Psychology teacher Jeffrey Keene told NBC News he believes he used proper judgement for the assignment to 11th and 12th-graders during first period Tuesday at Dr. Phillips High School in Orlando.
After being told about the drill on Monday, Keene said he felt the obituaries would help the students reflect on their lives during the school shooter scenario.
"'This isn't a way to upset you or anything like that,'" he recalled telling his class of 35.
"It wasn't to scare them or make them feel like they were going to die, but just to help them understand what’s important in their lives and how they want to move forward with their lives and how they want to pursue things in their journey."
By second period, Keene, who'd just been hired in January, said students from that class were telling him they were being interviewed by school officials about the assignment.
And before the end of seventh period, he'd been fired.
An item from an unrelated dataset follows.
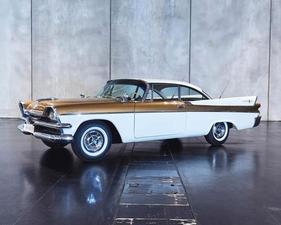 Dodge Coronet V8 Coupé (1957) - als Lot 88 angeboten an der Dorotheum Salzburg Classic Expo Versteigerung am 20. Oktober 2018 (1957)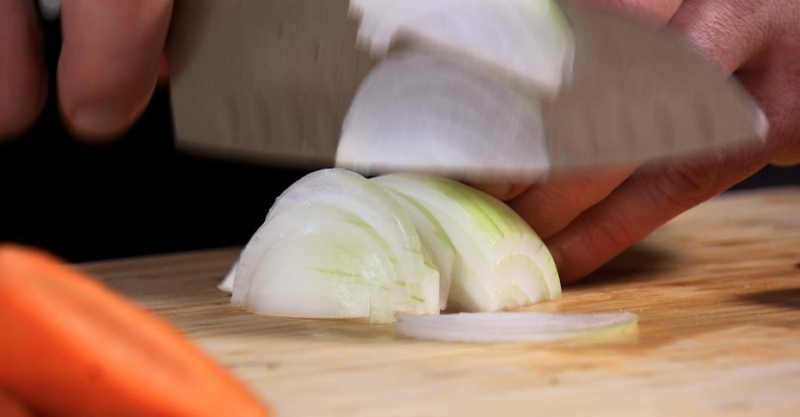 Салат с фасолью, грибами и овощами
"If you can't talk real to them, then what's happening in this environment?" Keene said. "In my mind, I've done nothing wrong."
A representative for the Orange County School District declined to substantively discuss the matter on Friday.
But when asked if Keene had been dismissed, the district spokesman said in statement: "Dr. Phillips High School families were informed that a teacher gave an inappropriate assignment about school violence. Administration immediately investigated and the probationary employee has been terminated."
Keene, 63, said he was a new hire and not a member of the union, and thus has no recourse to reverse the district's decision.
He hopes to find another teaching job and vowed not to change anything.
"I don't think I did anything incorrectly," Keene said. "I know hindsight is 20/20 but I honestly didn't think a 16-, 17-, 18-year-old would be offended or upset by talking about something we're already talking about."
https://www.nbcnews.com/news/us-news/florida-teacher-fired-asking-students-write-obituaries-day-active-shoo-rcna78722
I saw this today and found it fascinating. This teacher tried to make school shootings not just a drill to prepare for, but a true lesson to be learned from and he was immediately fired for it. Sounds like both students and teachers are getting fed up with nothing being done about near daily school shootings. What do you think about the lesson this teacher tried to give to his students and the response to it? It was, after all, a psychology class.
I've also been thinking a lot lately about what happens to gun rights in the US after 18 years of school shootings happening damn near daily and millions of people who lived through that scenario reach voting age? We're really close to that point given that Sandy Hook was 11 years ago. That means 11 years worth of graduates across the country who grew up and graduated in conditions of steady increases of school shootings. What do you think they will vote for generally when it comes to the second amendment?